■ DATA FOR PROCESSING
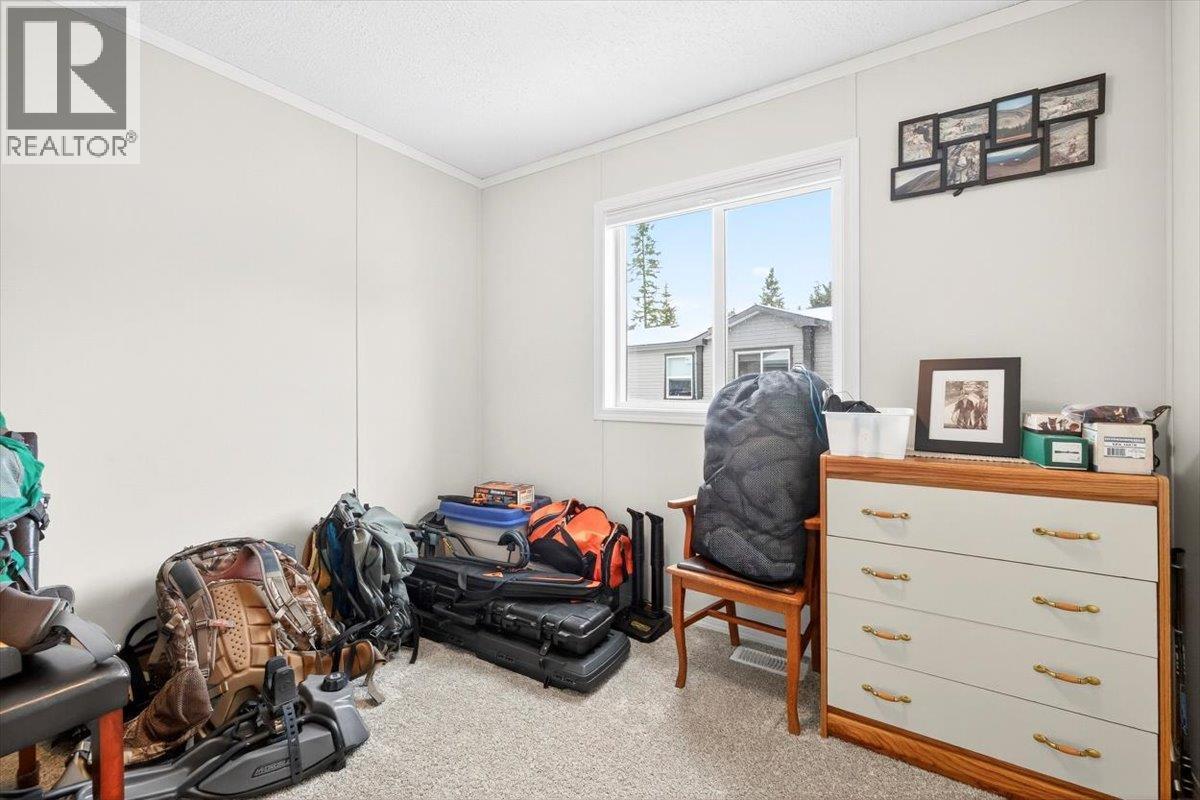 22 Wilderness Heights Drive, Elkford, British Columbia  V0B 1H0 - Photo 28 - 10373017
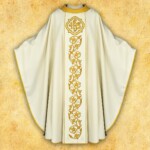 Chasuble brodée IHS écru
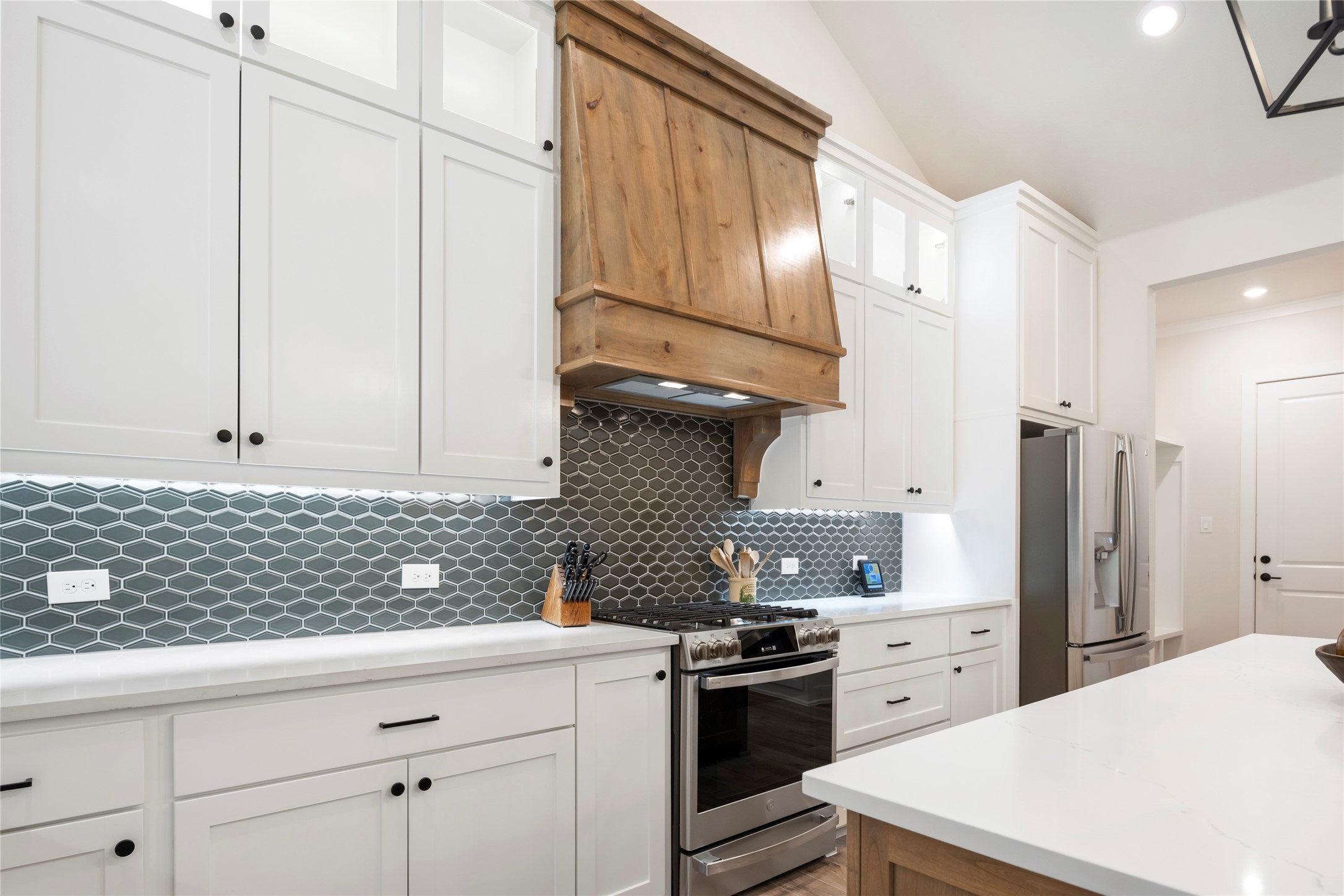 704 Abbey Road Van Alstyne TX 75495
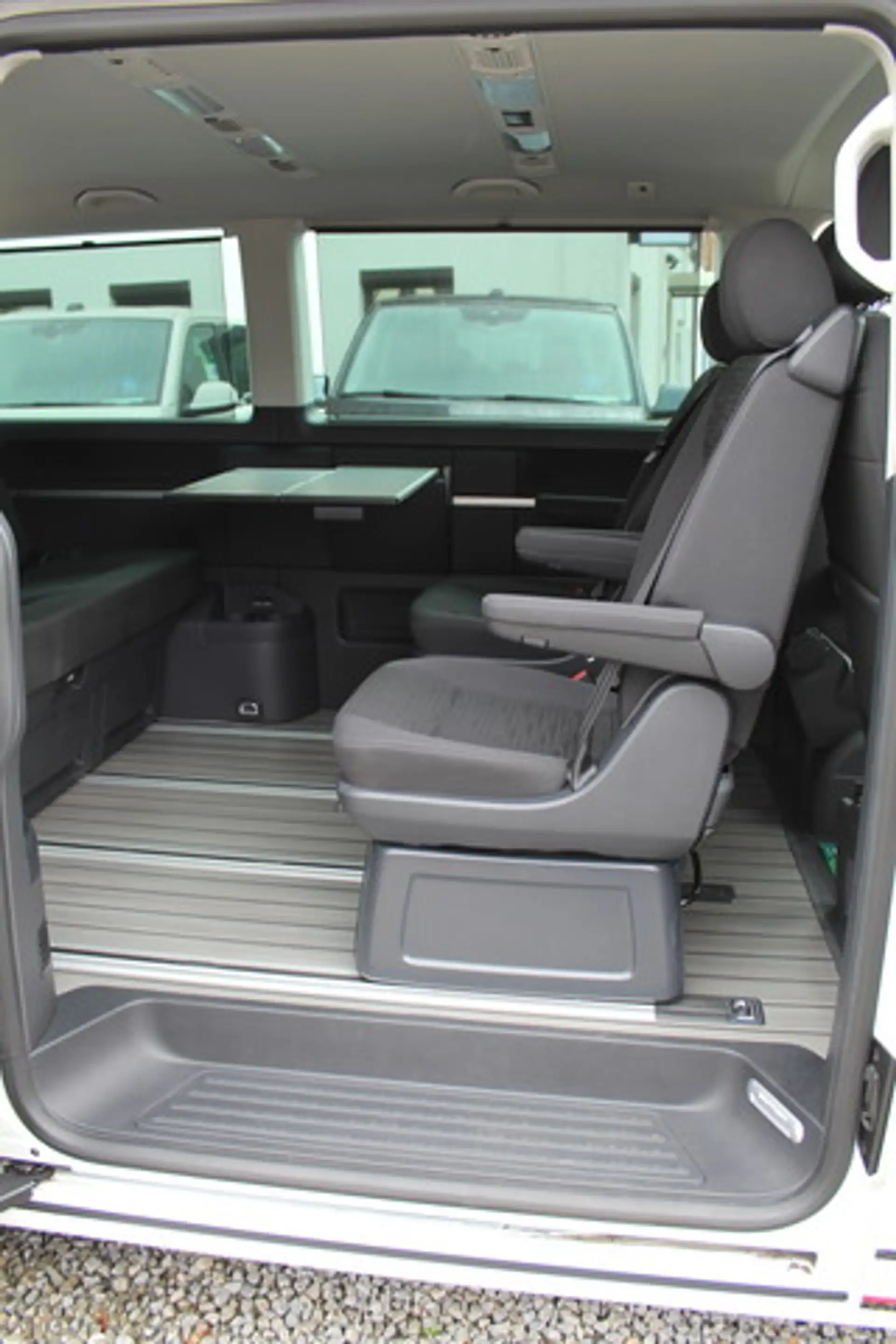 Volkswagen T6.1 Multivan Edition 150PS DSG LED Navi ACC AHK — photo 14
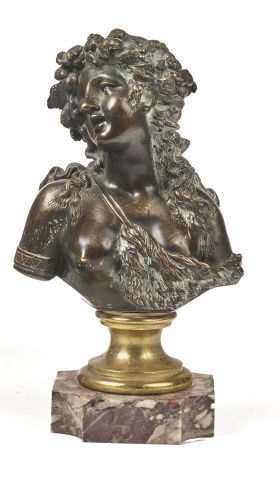 null D'après CLODION (1738-1814).

Buste de jeune femme aux seins nus

Sujet en bronze...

■ WORK TO COMPLETE
The images are to be left out while the entries are written out exactly.

■ OUTPUT FOR THIS EXERCISE
 22 Wilderness Heights Drive, Elkford, British Columbia  V0B 1H0 - Photo 28 - 10373017
 Chasuble brodée IHS écru
 704 Abbey Road Van Alstyne TX 75495
 Volkswagen T6.1 Multivan Edition 150PS DSG LED Navi ACC AHK — photo 14
 null D'après CLODION (1738-1814).

Buste de jeune femme aux seins nus

Sujet en bronze...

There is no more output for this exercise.